Nice job getting through this tutorial. Your hard work here will pay off as we move through much of the remainder of our course. Here are the major points we touched on.

A normal distribution is approximately bell-shaped and can be described by its mean \(\mu\) and standard deviation \(\sigma\).
As a shorthand, we often write \(N\left(\mu, \sigma\right)\) to mean the normal distribution with mean \(\mu\) and standard deviation \(\sigma\).
The Empirical Rule is a “rule of thumb” that states that, if data is normally distributed we expect:
- Approximately 67% of observations fall within one standard deviation of the mean.
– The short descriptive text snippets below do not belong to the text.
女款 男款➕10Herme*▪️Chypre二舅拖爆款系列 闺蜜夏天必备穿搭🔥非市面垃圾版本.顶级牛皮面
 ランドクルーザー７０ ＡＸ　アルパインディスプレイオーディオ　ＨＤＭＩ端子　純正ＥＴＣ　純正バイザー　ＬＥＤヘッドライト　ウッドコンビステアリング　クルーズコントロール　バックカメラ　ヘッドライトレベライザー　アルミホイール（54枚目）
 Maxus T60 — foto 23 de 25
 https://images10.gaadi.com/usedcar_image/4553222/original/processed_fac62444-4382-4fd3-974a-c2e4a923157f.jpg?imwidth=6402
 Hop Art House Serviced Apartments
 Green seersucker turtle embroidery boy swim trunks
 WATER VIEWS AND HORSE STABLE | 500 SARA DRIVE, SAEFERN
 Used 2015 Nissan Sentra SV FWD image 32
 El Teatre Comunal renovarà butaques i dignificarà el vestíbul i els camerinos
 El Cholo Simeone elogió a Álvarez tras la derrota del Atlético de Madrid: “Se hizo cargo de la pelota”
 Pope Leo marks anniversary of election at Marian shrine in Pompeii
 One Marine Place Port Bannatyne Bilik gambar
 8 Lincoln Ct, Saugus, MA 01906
- Approximately 95% of observations fall within two standard deviations of the mean.
- Approximately 99.7% of observations fall within three standard deviations of the mean.
We can interpret areas underneath the normal distribution to be probabilities.
If \(X\sim N\left(\mu, \sigma\right)\), then \(\mathbb{P}\left[X\leq k\right] = \tt{pnorm(k, mean = \mu, sd = \sigma)}\)
- Remember that \(\tt{pnorm()}\) always returns the area to the left of the boundary value \(k\).
If \(X\sim N\left(\mu, \sigma\right)\), then the \(p^{th}\) percentile of \(X\) (the cutoff for which the proportion of the population falling below is \(p\)), is given by \(\tt{qnorm(p, mean = \mu, sd = \sigma)}\)
- Remember that \(p\) must be the area to the left of the desired cutoff value.